NABOKV-L post 0026537, Sat, 17 Oct 2015 15:52:51 +0300

Hurricane Lolita & Hazel Shade in Pale Fire
In Canto Three of his poem Shade mentions Hurricane Lolita that swept from
Florida to Maine:

It was a year of Tempests: Hurricane
Lolita swept from Florida to Maine. (ll. 679-680)

Shade calls 1958 (the year of Lolita's first publication in America) "a year
of Tempests." In March of the previous year Shade's daughter Hazel (whose
name brings to mind Lolita's surname) committed suicide. In Canto Two of his
poem Shade, describing the fatal evening, mentions the same states:

A male hand traced from Florida to Maine
The curving arrows of Aeolian wars. (ll. 408-409)

Dolores Haze (in VN's novel, Lo's full name) is the daughter of Charlotte
Haze.

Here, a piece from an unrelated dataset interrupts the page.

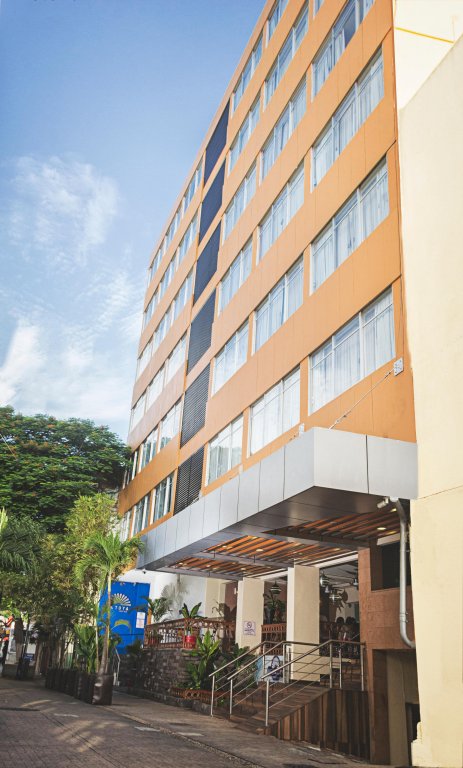 hotel miraflores excellent city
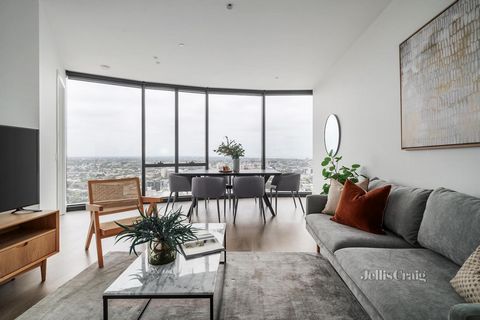 Expressions of Interest Closing Tuesday 5th March at 5pm On the 29th floor of the Bates Smart-designed 'Capitol Grand' apartment project, a new standard of luxury apartment living is realised. Within the LK Tower, six star premium quality finishes ar...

The first name of Lolita's mother seems to hint at the young woman
with whom the hero of Goethe's Die Leiden des jungen Werther (1774) is in
love. Lolita's married name, Mrs. Richard F. Schiller, seems to hint at
Goethe's friend and colleague Friedrich Schiller. Lolita's mother dies soon
after she married Humbert Humbert (the novel's main character and narrator).
In Aschenputtel (Brothers Grimm's German version of the fairy tale about
Cinderella) the heroine asks her father (who had lost his first wife and
just married a woman with two daughters of her own) to bring her from the
city the first branch which knocks against his hat on his way home.
Cinderella's father gives her the branch from the hazel-bush. The girl
plants the branch on her mother's grave where it grows and becomes a
handsome tree. A little white bird comes to the tree and fulfils every wish
expressed by Cinderella. Birds always help Cinderella and, when she marries
the Prince, the pigeons peck out the eyes of her wicked and envious

In a variant of Lines 417-421 quoted by Kinbote in his Commentary Shade
quotes the lines from Pope's Essay on Man in which the blind beggar and
lunatic a king are mentioned:

I fled upstairs at the first quawk of jazz
And read a galley proof: 'Such verses as
"See the blind beggar dance, the cripple sing,
The sot a hero, lunatic a king"
Smack of a heartless age.' Then came your call

This is, of course, from Pope's Essay on Man. One knows not what to wonder
at more: Pope's not finding a monosyllable to replace "hero" (for example,
"man") so as to accommodate the definite article before the next word, or
Shade's replacing an admirable passage by the much flabbier final text. Or
was he afraid of offending an authentic king? In pondering the near past I
have never been able to ascertain retrospectively if he really had "guessed
my secret," as he once observed (see note to line 991
<> ).

Kinbote's secret is easy to guess. To realize that Shade, Kinbote and Gradus
exist only insofar as they represent three different aspects of V. Botkin,
the American scholar of Russian descent, is much more difficult. Poor Botkin
must have lost his mind after his daughter's death. But what is Hazel's
"real" name?

As I pointed out before, in VN's story Solus Rex (1940), PF's Russian
predecessor, hazel is an alcoholic beverage:

Exhausted by lengthy tension, harrowed by having been forced to wallow in
another's filth, and involuntarily staggered by the prosecutor's blast, the
luckless scholar [Dr. Onze] lost his nerve and, after a few incoherent
mumblings, suddenly started, in a new, hysterically clear voice, to tell how
one night in his youth, having drunk his first glass of hazel brandy, he
accepted to go with a classmate to a brothel, and how he didn't get there
only because he fainted in the street.

This, of course, reminds one of Chekhov's story Pripadok (The Nervous
Breakdown, 1888) written to honor the memory of Vsevolod Garshin, the writer
who committed suicide by jumping over the banisters. Because Garshin is the
author of Nadezhda Nikolaevna (1885), one is tempted to assume that Hazel's
real name is Nadezhda (which means "hope").